Frame Relay provides significant advantages over simply using point-to-point leased lines.  The primary advantage has to do with virtual circuits.

A virtual circuit defines a logical path between two Frame Relay DTEs.  The term virtual circuit describes the concept well.  It acts like a point-to-point circuit, providing the ability to send data between two endpoints over a WAN.  There is no physical circuit directly between the two endpoints, so it’s virtual.

VCs share the access link and the Frame Relay network.  Many customers share the same Frame Relay network.  Originally, people with leased-line networks were reluctant to migrate to Frame Relay, because they would be competing with other customers for the provider’s capacity inside the cloud.  To address these fears, Frame Relay is designed with the concept of a committed information rate (CIR).  Each VC has a CIR, which is a guarantee by the provider that a particular VC gets at least that much bandwidth.

Even with a three-site network, it’s probably less expensive to use Frame Relay than to use point-to-point links.  Imagine an organization with 100 sites that needs any-to-any connectivity.  4950 leased-lines would be required.  The organization would also need 99 serial interfaces per router if it used point-to-point leased lines.  With Frame Relay, an organization could have 100 access links to local Frame Relay switches, one per router, and have 4950 VCs running over them.  You would only need one serial interface / router.
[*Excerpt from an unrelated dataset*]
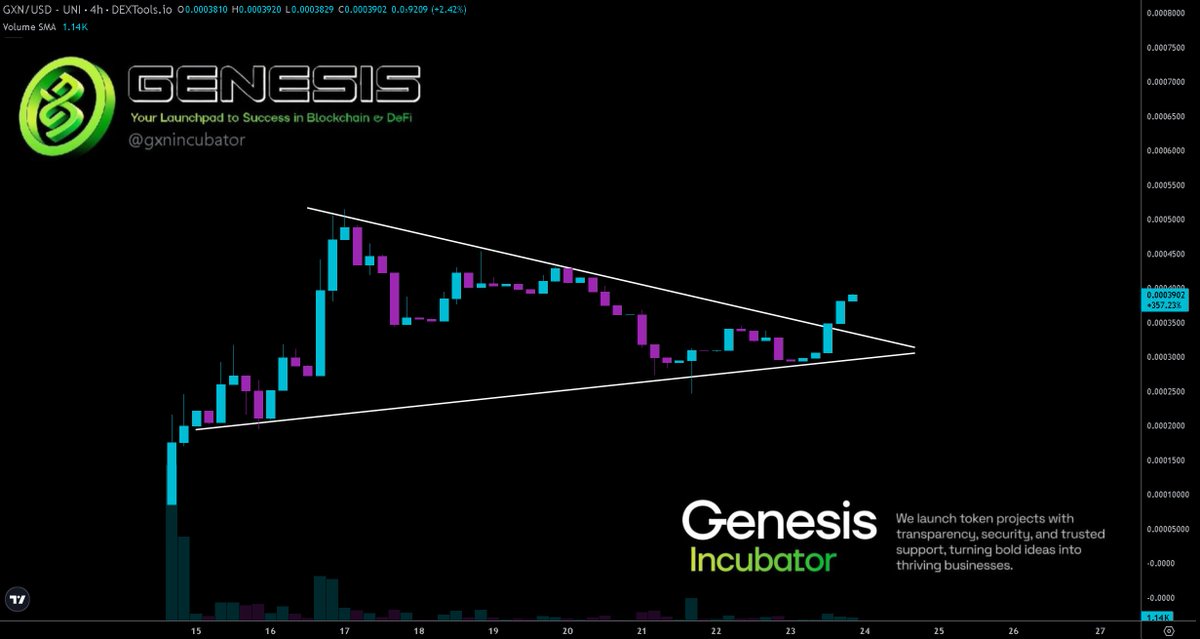 $GXN Genesis is breaking out 🚀.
Service providers can build their Frame Relay networks more cost-effectively than for leased lines.  That makes it less expensive for Frame Relay customers as well.  For connecting many WAN sites, Frame Relay is simply more cost-effective than leased lines.

Two types of VCs are allowed – permanent (PVC) and switched (SVC).  PVCs are predefined by the provider; SVCs are created dynamically.  PVCs are by far the more popular of the two.  Frame Relay providers seldom offer SVC as a service.

When the Frame Relay network is engineered, the design might not include a VC between each pair of sites.  A full-mesh Frame Relay network has a VC between each pair of sites.  When not all pairs have a direct PVC, it is called a partial-mesh network.

The partial mesh has some advantages and disadvantages compared to full mesh.  The primary advantage is that partial mesh is cheaper, because the provider charges per VC.  The downside is that traffic from two non-VC’d sites would need to pass through the VC link to the site they are both VC’d to and get routed.

One conceptual hurdle with PVCs is that there is typically a single access link across which multiple PVCs flow.  Since data is coming and going out the same interface, you need to be able to address the location.  To solve this problem, Frame Relay uses an address to differentiate one PVC from another.  This address is called a data-link connection identifier (DLCI).  The name is descriptive: The address is for an OSI Layer 2 (data-link) protocol, and it identifies a VC, which is sometimes called a virtual connection.